- St. Jerome Catholic School
- About Us
Embracing and extending the mission of Christ and the Catholic Church through academics, community and service.
St. Jerome Catholic School works to inspire our students, families, and staff to be informed and ethical leaders who possess and share a lasting love of learning and a lifelong commitment to Catholic values and service.
Prayer, study, community, and ministry, the four pillars of the founding Dominican Sisters, are the basis of St. Jerome’s core values. The school shares the responsibility with parents for the religious, intellectual, moral, physical, and social formation of children at St. Jerome. It is expected students will accept the challenge to grow in a life of Christian service.
St. Jerome is an educational family that engenders heart-felt respect for each child.

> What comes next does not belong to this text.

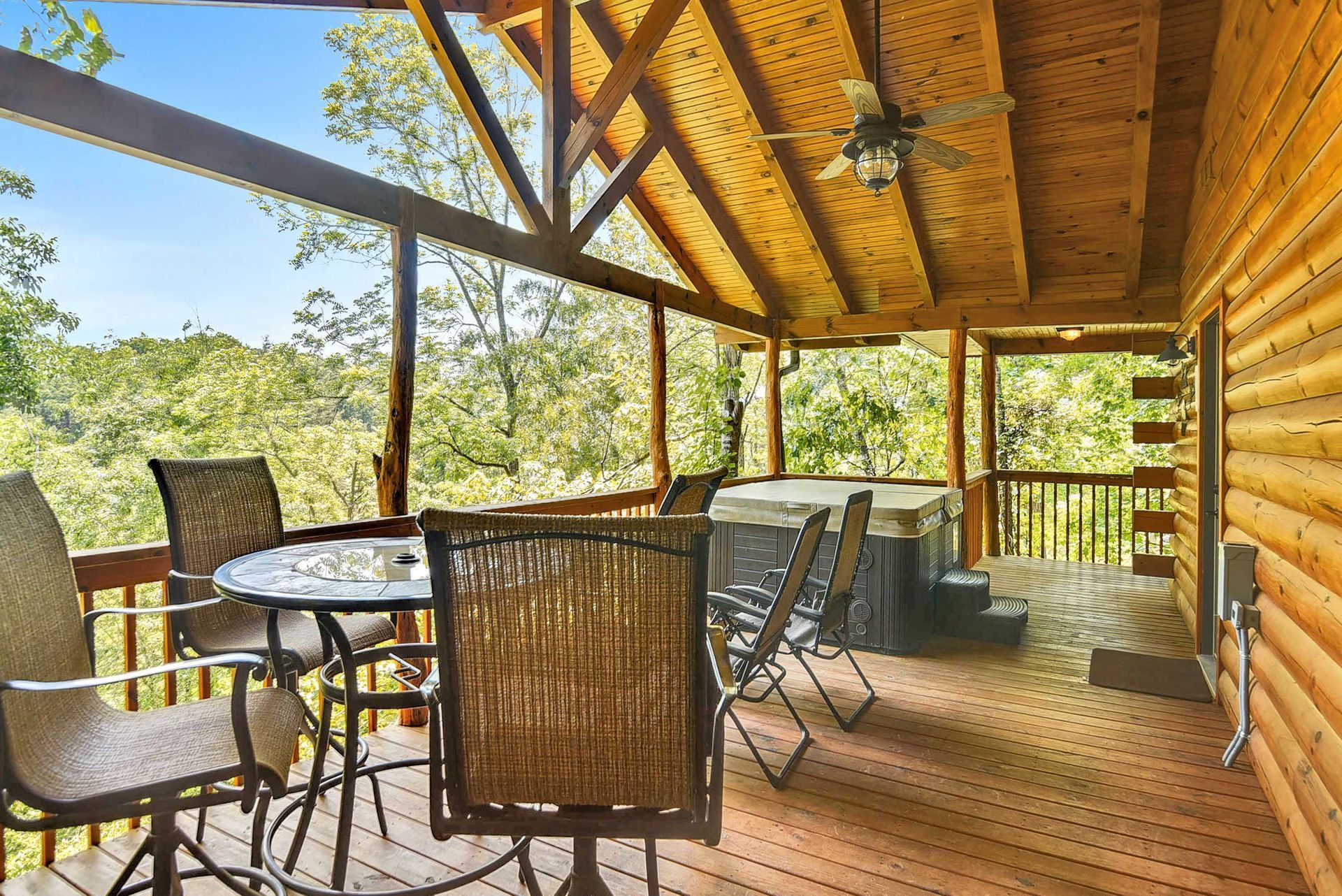 Covered wooden porch with a hot tub, table, chairs, and a view of trees.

On July 4, 1960, Bishop Wendelin J. Nold purchased a remote 14 acre tract which became the home of St. Jerome Parish. In appointing Rev. Msgr. Alfred W. Raye as the founding pastor, he told him, “I’m giving you 14 acres of Johnson grass and good luck.” The original tract included Kempwood. The parish later sold this land for the street and townhouses and began buying lots to the south of property, one by one.
Among the first orders of business, Fr. Raye established a parochial school, a parish religious education program, a woman’s club, a CYO (Catholic Youth Organization) chapter, a Holy Name Society and a Parish Council. Fr. Raye was known for his strict policy, “Mass isn’t over until the last blessing,” and heaven help those who tried to leave early. His favorite saying was, “What we do for each other must be secondary to what we do for God.”

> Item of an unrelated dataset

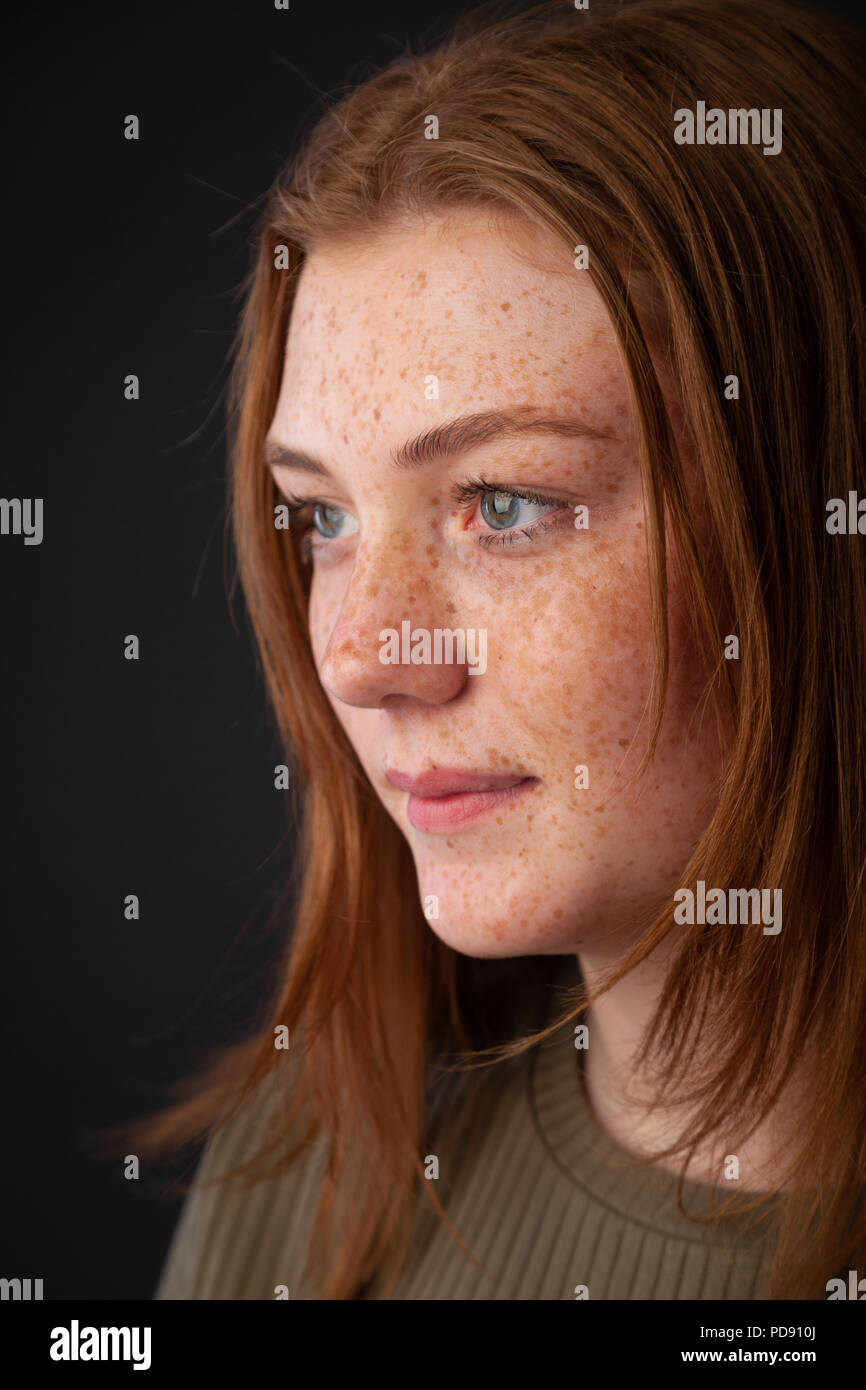 A profile headshot of a young woman with red hair and freckles Stock Photo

On September 4, 1962, St. Jerome Catholic School opened it’s doors to the first classes, with 405 students in grades K-5th. Plans to add a grade per year afterward, until the full eight grades were in operation, were a success.
Rev. Msgr. Dan Scheel, our present pastor, came to St. Jerome in 1994. He has been the catalyst in building the parish into what it is today, both physically and spiritually. Under his leadership, St. Jerome has blossomed into a larger, ever more loving, multi-cultural parish.